## Prompt
Please reproduce the lines of the records below from the one holding "Very cool —" through the one holding "So yeah, this", inclusive, skipping all pictures.

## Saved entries
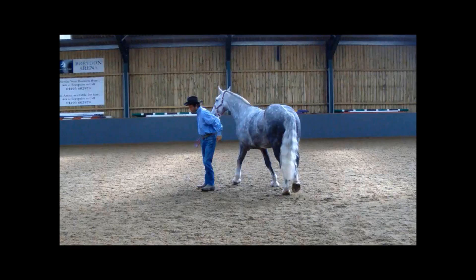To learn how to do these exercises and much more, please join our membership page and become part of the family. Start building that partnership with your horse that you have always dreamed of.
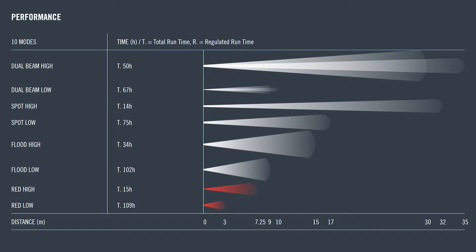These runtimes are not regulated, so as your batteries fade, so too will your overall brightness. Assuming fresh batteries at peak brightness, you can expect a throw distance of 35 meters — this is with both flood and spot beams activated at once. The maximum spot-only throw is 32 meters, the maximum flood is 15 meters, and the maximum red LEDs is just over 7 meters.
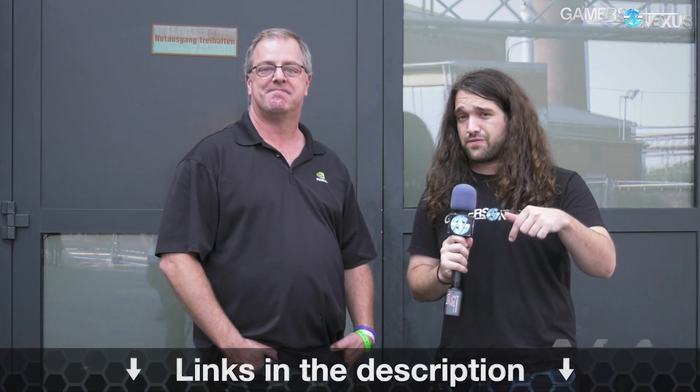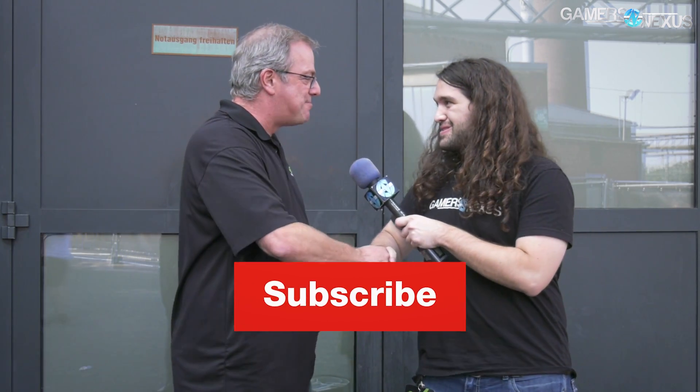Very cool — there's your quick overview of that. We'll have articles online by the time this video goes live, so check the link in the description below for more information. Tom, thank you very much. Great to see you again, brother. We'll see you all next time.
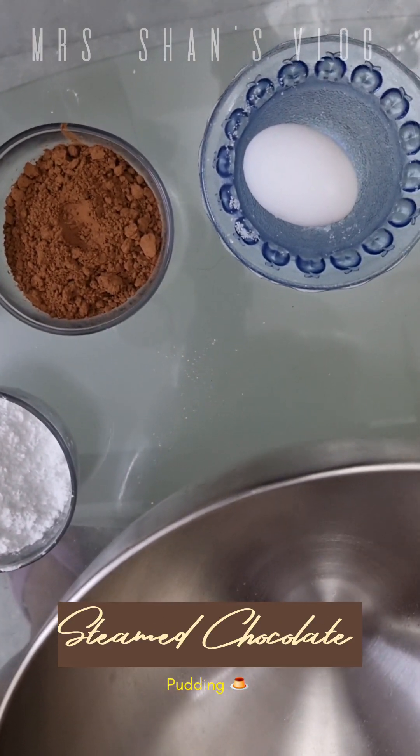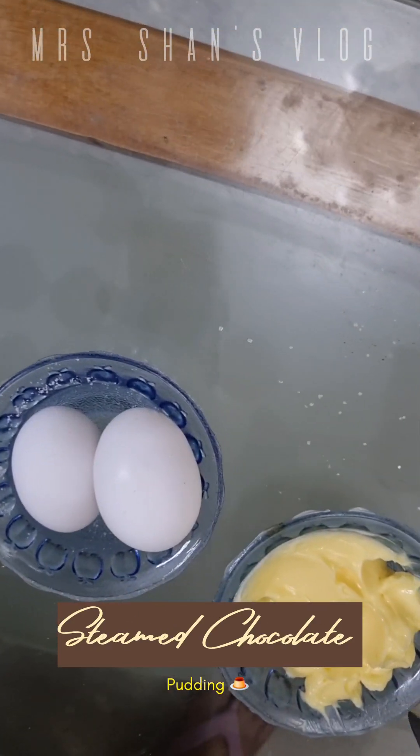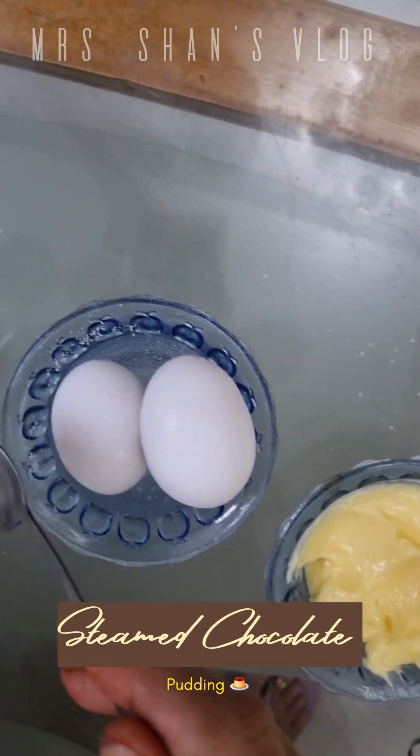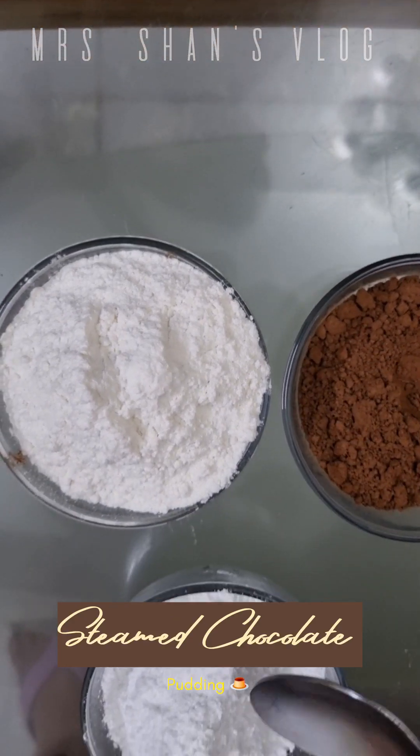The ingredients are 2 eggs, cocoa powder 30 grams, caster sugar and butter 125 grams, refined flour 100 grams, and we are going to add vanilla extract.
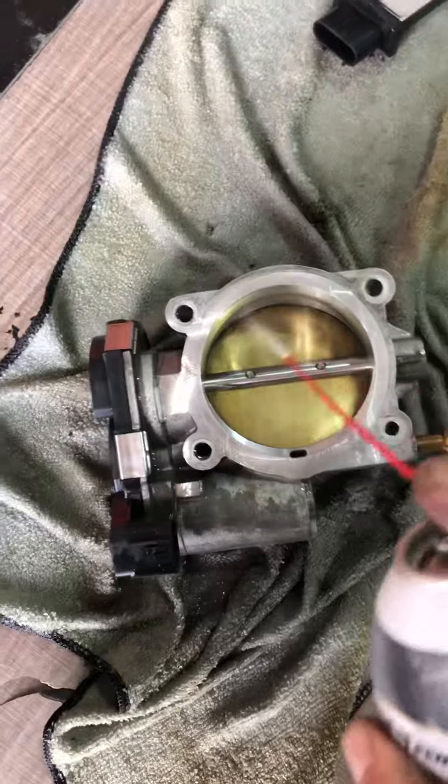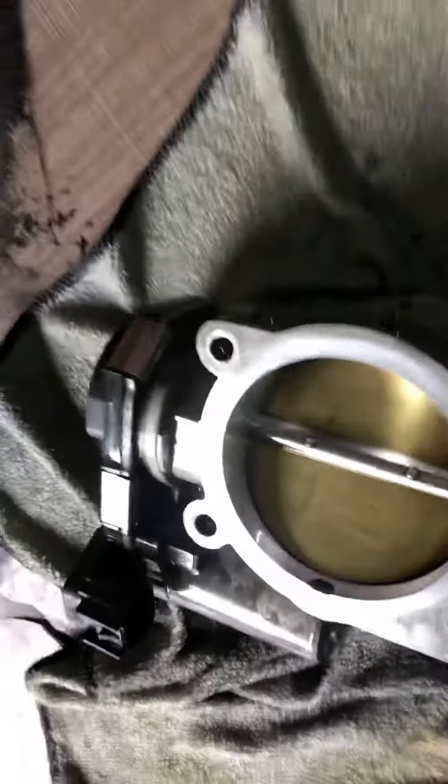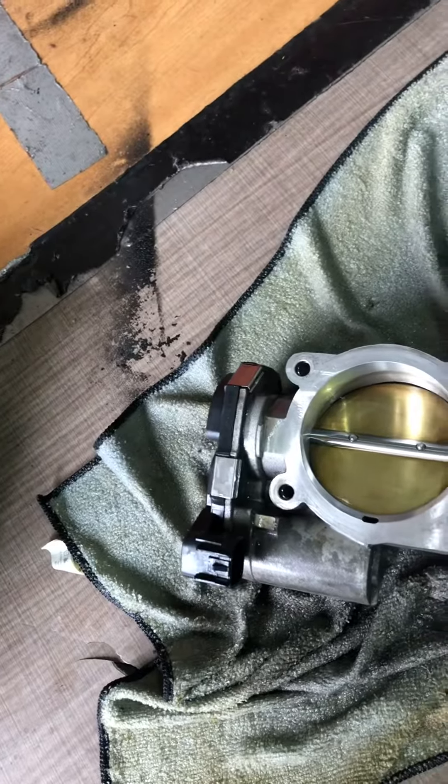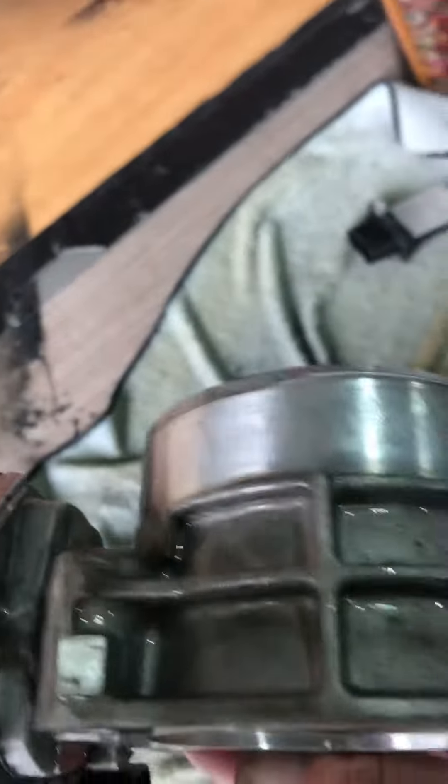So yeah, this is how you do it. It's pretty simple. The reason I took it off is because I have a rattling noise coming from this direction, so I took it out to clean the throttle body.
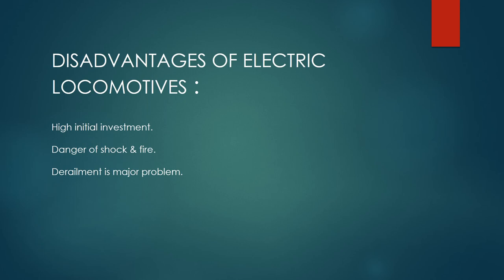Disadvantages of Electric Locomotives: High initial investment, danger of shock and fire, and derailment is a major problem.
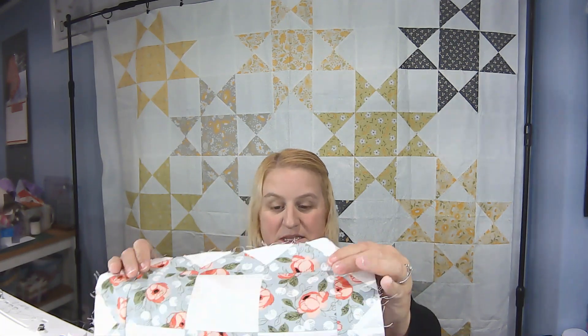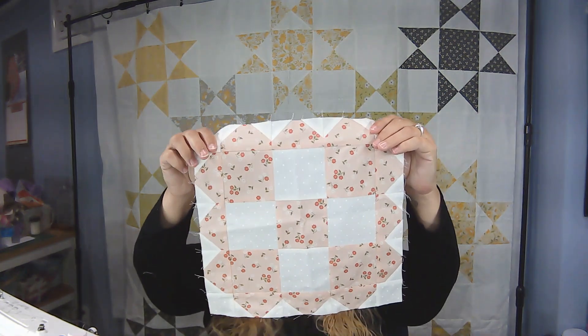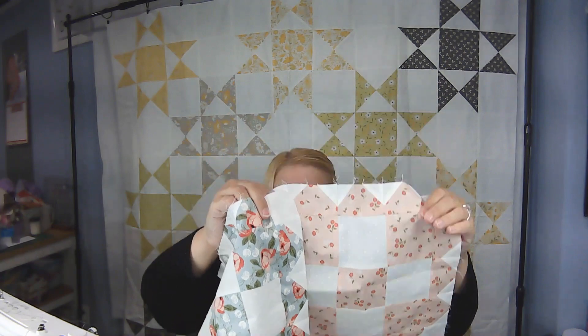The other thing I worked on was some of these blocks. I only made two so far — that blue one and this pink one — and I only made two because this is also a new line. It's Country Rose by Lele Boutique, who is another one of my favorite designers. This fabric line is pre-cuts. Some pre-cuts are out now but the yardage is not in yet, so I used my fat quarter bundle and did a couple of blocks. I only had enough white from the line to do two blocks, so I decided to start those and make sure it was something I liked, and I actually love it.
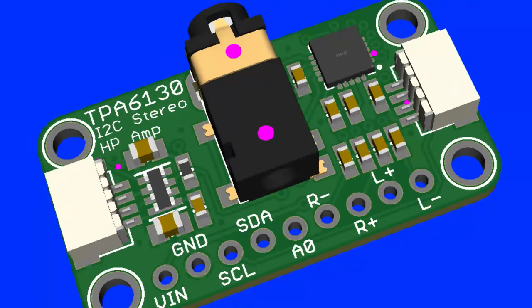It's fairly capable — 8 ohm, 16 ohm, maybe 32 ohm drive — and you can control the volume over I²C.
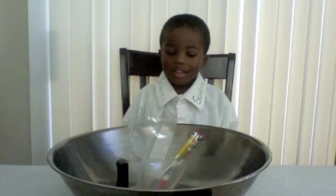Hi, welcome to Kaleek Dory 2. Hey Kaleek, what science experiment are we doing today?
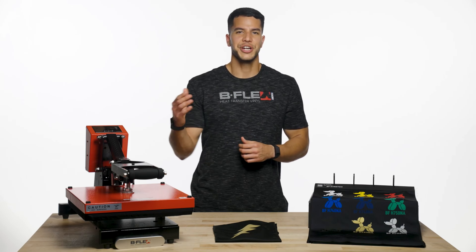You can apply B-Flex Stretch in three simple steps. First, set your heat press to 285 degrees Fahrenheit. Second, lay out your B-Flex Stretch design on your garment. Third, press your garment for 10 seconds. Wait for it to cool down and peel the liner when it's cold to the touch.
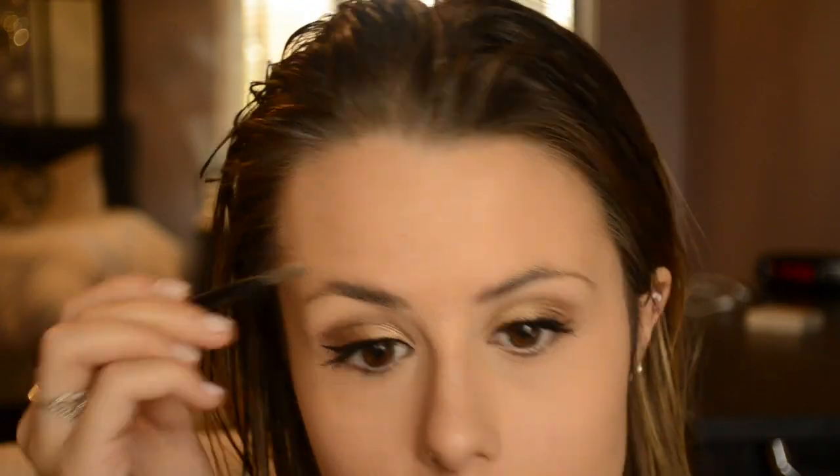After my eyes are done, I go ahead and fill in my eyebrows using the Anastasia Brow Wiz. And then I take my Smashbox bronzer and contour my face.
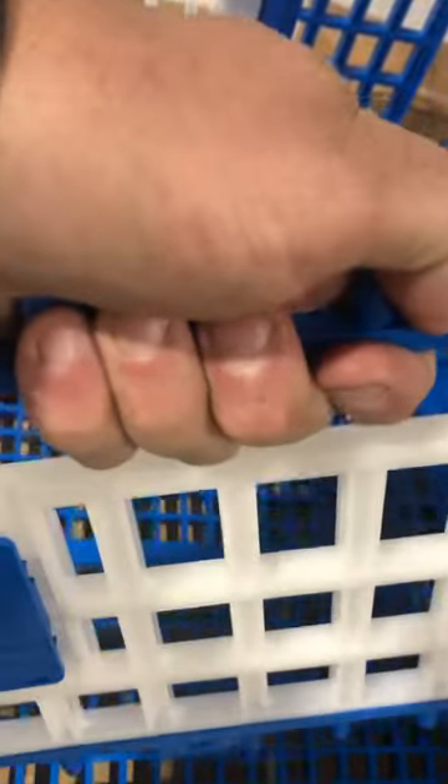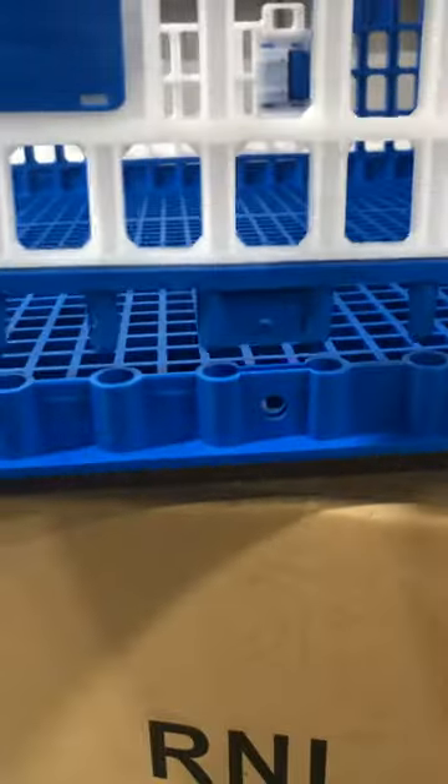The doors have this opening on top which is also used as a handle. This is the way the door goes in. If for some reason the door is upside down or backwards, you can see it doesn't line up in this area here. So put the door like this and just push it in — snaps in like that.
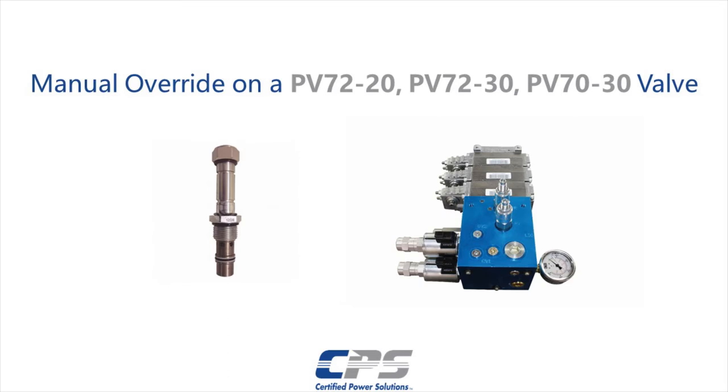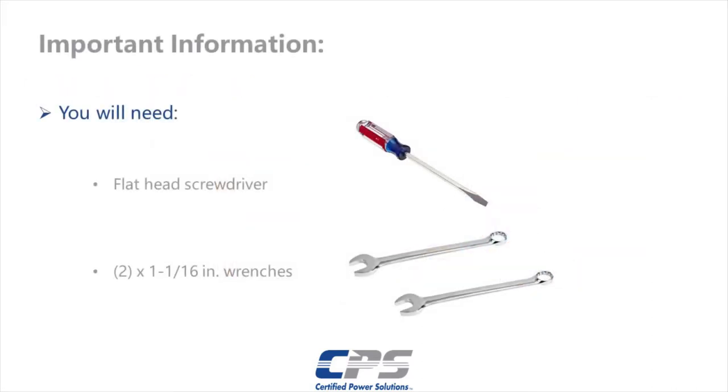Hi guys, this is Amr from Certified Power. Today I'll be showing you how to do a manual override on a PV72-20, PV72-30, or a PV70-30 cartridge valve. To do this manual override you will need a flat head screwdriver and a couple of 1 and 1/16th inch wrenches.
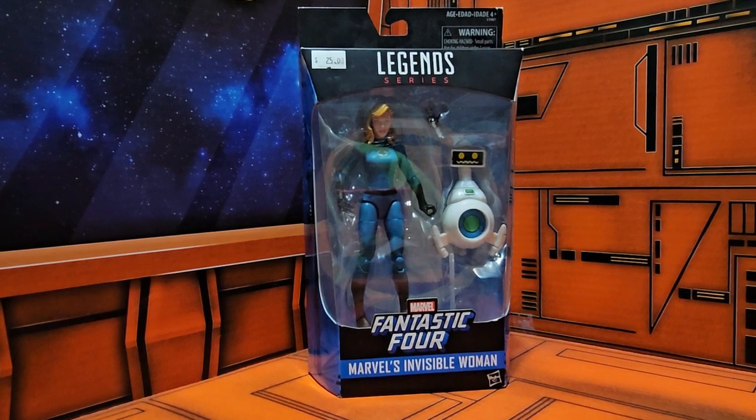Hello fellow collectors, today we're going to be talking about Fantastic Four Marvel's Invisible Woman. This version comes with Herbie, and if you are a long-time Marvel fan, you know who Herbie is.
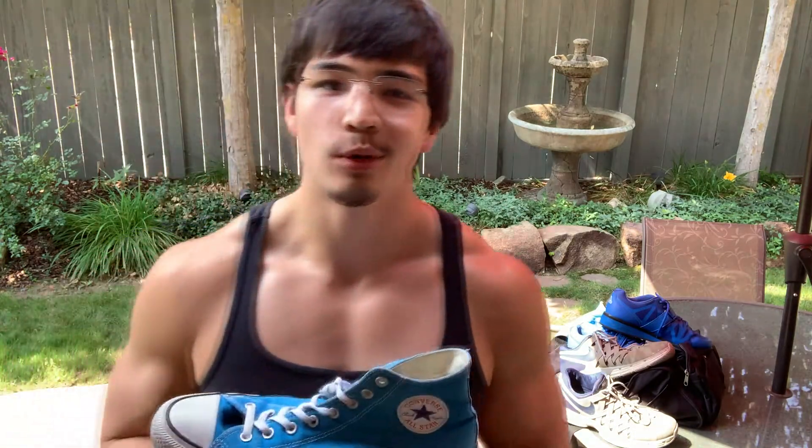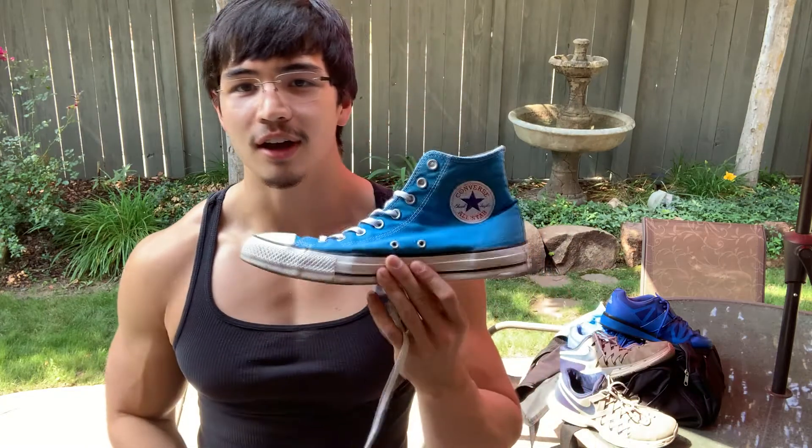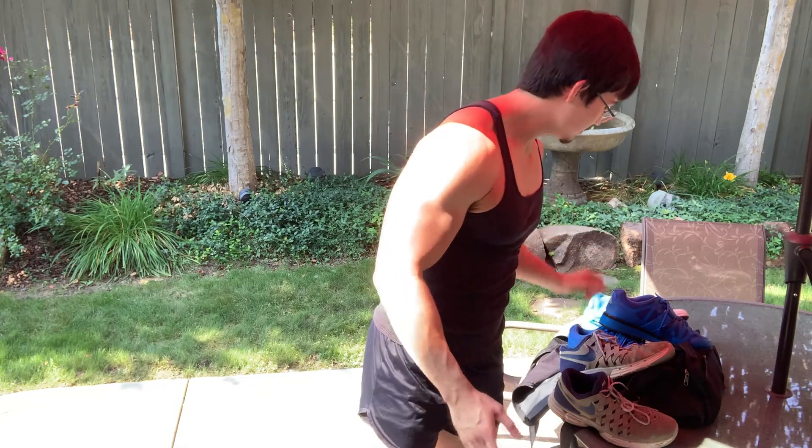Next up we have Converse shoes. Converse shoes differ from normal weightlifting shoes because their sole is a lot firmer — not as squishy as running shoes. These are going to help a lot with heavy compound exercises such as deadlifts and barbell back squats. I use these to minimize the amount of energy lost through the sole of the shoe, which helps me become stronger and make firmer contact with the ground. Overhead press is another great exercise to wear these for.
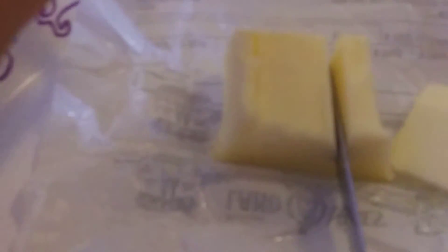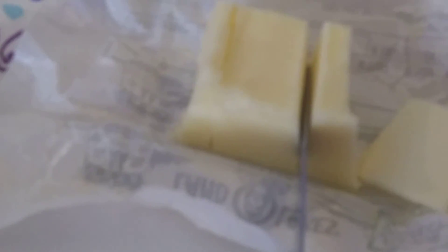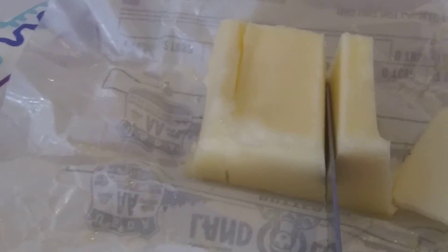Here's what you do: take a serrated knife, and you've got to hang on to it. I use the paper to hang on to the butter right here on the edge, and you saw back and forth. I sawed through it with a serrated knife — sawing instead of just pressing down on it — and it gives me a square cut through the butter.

## Task result
Very cool — there's your quick overview of that. We'll have articles online by the time this video goes live, so check the link in the description below for more information. Tom, thank you very much. Great to see you again, brother. We'll see you all next time.
The ingredients are 2 eggs, cocoa powder 30 grams, caster sugar and butter 125 grams, refined flour 100 grams, and we are going to add vanilla extract.
So yeah, this is how you do it. It's pretty simple. The reason I took it off is because I have a rattling noise coming from this direction, so I took it out to clean the throttle body.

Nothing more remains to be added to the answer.